■ Work to be completed
Please output the section of the listing below that opens with the line containing "Buy Marvel Premiere" and closes with the line containing "Bej Gold Yamalı Paisley Desenli Tensel Şal", exactly and with nothing else.

■ Raw data
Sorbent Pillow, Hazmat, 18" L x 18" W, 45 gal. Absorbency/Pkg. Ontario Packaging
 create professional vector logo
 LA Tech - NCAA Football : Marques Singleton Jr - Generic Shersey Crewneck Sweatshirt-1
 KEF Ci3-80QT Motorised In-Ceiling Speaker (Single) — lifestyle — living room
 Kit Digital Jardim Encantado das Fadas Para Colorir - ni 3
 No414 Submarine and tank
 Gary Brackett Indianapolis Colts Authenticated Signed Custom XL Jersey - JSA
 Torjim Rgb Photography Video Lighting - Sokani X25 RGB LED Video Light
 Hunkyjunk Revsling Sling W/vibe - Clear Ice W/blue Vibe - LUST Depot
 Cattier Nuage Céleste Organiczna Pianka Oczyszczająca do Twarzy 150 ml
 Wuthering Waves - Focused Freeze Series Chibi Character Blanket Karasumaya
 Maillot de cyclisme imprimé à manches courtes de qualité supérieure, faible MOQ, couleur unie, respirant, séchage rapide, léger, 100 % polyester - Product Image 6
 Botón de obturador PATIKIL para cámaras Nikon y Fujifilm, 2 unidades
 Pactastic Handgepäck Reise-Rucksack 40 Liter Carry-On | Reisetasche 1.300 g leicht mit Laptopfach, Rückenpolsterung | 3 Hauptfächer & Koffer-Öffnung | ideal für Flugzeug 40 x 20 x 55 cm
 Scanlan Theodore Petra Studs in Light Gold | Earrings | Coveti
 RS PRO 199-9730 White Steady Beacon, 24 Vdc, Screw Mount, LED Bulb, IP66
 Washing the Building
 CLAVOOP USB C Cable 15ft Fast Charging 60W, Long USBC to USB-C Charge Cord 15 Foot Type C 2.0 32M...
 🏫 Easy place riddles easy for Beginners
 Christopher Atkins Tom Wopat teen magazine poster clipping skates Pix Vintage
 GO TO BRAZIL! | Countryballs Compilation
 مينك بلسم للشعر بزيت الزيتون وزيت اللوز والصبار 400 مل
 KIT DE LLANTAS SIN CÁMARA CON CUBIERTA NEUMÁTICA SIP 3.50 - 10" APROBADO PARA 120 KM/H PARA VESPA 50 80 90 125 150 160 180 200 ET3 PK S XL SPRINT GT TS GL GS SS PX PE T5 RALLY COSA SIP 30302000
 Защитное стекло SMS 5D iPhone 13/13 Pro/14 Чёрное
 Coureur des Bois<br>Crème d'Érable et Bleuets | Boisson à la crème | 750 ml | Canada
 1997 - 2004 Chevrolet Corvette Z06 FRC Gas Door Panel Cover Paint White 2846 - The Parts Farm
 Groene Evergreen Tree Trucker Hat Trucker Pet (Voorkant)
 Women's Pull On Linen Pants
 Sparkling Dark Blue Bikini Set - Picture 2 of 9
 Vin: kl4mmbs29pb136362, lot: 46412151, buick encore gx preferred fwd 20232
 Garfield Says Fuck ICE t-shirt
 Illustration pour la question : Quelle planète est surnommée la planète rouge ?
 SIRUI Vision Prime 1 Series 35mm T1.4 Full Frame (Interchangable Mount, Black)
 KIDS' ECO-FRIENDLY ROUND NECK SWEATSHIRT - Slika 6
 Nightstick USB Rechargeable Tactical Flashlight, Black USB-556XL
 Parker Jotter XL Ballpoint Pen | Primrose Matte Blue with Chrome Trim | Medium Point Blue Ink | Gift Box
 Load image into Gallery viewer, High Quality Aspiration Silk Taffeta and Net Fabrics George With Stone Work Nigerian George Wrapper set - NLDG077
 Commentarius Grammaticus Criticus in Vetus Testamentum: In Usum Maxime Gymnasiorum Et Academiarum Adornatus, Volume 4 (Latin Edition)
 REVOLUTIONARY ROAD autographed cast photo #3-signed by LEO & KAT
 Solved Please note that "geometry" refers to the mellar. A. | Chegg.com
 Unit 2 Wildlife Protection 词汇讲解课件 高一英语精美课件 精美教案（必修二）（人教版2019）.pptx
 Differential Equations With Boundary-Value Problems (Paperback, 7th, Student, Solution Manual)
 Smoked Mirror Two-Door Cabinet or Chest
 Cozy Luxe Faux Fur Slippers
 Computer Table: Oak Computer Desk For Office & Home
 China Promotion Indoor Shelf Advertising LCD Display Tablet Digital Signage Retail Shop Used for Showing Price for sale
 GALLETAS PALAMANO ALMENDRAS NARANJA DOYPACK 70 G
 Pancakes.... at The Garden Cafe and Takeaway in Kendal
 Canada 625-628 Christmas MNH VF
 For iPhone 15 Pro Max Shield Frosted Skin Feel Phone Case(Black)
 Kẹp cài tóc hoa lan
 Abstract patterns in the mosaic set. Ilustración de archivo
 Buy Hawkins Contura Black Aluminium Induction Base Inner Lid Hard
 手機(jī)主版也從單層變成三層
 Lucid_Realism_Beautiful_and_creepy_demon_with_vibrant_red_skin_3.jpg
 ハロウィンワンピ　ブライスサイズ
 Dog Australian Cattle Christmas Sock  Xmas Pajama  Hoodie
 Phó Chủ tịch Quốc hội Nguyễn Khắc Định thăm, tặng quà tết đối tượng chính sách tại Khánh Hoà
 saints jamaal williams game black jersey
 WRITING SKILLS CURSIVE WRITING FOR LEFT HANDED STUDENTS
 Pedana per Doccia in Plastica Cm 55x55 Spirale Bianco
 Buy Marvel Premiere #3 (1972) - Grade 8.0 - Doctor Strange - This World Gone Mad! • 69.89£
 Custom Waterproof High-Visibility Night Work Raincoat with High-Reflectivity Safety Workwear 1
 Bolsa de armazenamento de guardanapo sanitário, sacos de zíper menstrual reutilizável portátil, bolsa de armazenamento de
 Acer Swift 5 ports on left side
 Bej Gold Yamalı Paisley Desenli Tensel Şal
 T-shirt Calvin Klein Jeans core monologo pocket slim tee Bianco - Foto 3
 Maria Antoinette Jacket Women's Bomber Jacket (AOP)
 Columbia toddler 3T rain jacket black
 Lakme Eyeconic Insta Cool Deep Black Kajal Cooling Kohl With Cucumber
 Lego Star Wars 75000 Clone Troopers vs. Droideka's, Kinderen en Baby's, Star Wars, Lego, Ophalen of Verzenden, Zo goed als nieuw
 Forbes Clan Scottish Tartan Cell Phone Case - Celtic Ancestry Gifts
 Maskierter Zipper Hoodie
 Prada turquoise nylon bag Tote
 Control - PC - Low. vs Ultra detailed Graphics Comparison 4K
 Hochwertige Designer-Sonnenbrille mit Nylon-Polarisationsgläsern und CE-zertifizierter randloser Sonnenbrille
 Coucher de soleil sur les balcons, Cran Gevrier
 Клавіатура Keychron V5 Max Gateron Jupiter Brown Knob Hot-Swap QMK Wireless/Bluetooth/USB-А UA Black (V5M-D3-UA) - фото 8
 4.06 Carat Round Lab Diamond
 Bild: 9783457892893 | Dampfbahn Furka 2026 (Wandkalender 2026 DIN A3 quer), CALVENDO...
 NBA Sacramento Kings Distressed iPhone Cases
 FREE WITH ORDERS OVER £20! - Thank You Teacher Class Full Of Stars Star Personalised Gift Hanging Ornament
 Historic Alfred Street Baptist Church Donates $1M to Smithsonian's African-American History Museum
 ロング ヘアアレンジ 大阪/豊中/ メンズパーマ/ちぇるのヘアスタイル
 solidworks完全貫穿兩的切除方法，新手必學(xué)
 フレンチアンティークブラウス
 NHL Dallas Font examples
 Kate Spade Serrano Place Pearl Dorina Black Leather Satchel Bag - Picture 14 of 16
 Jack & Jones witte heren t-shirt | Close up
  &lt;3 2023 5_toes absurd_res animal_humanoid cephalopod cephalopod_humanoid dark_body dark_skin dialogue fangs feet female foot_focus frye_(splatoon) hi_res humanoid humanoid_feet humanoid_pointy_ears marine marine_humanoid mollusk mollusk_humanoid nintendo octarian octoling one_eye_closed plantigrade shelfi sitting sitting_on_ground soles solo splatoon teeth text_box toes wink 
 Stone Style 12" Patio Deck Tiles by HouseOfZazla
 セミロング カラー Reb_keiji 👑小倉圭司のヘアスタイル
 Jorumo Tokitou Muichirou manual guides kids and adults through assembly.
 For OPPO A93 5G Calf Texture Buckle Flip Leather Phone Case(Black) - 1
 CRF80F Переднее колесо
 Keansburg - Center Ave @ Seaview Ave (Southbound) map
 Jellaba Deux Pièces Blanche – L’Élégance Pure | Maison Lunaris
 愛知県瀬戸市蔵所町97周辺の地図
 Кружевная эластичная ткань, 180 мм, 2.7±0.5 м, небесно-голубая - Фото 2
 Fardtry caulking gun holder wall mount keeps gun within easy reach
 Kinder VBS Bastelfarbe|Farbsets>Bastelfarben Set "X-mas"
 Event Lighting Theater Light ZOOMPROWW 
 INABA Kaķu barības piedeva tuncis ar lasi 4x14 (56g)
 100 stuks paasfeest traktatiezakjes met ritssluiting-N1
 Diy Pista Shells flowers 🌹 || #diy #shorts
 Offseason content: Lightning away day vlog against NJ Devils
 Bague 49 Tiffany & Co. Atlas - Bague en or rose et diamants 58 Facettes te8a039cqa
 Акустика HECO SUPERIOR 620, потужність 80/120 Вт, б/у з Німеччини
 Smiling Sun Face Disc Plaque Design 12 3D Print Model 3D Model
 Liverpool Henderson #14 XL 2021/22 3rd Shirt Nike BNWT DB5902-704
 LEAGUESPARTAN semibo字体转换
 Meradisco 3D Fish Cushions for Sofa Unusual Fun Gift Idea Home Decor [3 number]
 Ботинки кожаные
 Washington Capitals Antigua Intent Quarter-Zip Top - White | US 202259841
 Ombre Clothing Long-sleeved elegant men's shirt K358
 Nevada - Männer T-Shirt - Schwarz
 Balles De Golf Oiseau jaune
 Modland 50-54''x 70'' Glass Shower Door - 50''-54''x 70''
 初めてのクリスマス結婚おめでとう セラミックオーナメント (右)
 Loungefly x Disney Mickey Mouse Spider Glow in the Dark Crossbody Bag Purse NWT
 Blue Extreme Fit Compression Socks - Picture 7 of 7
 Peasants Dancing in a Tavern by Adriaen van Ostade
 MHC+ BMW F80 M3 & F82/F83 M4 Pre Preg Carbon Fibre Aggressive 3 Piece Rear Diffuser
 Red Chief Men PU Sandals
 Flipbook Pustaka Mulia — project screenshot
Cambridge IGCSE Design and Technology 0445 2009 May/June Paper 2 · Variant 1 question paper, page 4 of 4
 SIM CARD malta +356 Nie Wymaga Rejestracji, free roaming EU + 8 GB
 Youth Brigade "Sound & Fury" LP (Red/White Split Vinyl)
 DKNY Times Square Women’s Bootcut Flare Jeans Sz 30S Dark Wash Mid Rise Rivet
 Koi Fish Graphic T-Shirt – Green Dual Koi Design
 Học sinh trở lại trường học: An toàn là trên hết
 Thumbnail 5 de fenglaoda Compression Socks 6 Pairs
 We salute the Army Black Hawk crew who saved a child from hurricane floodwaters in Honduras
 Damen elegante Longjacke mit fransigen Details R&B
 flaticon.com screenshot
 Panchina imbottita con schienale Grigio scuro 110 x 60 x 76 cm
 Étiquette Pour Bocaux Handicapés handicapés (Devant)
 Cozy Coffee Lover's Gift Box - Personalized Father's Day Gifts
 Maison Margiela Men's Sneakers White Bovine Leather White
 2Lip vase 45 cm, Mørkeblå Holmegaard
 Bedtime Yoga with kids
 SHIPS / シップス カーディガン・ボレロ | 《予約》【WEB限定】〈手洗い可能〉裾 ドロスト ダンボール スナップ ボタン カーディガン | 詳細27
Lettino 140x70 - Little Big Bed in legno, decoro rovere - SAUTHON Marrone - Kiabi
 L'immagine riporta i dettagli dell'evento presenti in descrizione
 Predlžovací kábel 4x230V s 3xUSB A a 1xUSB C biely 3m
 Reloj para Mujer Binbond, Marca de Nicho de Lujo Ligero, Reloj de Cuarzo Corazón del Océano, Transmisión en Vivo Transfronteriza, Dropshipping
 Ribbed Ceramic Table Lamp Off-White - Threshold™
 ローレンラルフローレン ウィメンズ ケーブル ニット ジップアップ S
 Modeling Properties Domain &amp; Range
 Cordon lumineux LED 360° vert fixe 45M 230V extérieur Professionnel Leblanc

■ Exercise answer
 Buy Marvel Premiere #3 (1972) - Grade 8.0 - Doctor Strange - This World Gone Mad! • 69.89£
 Custom Waterproof High-Visibility Night Work Raincoat with High-Reflectivity Safety Workwear 1
 Bolsa de armazenamento de guardanapo sanitário, sacos de zíper menstrual reutilizável portátil, bolsa de armazenamento de
 Acer Swift 5 ports on left side
 Bej Gold Yamalı Paisley Desenli Tensel Şal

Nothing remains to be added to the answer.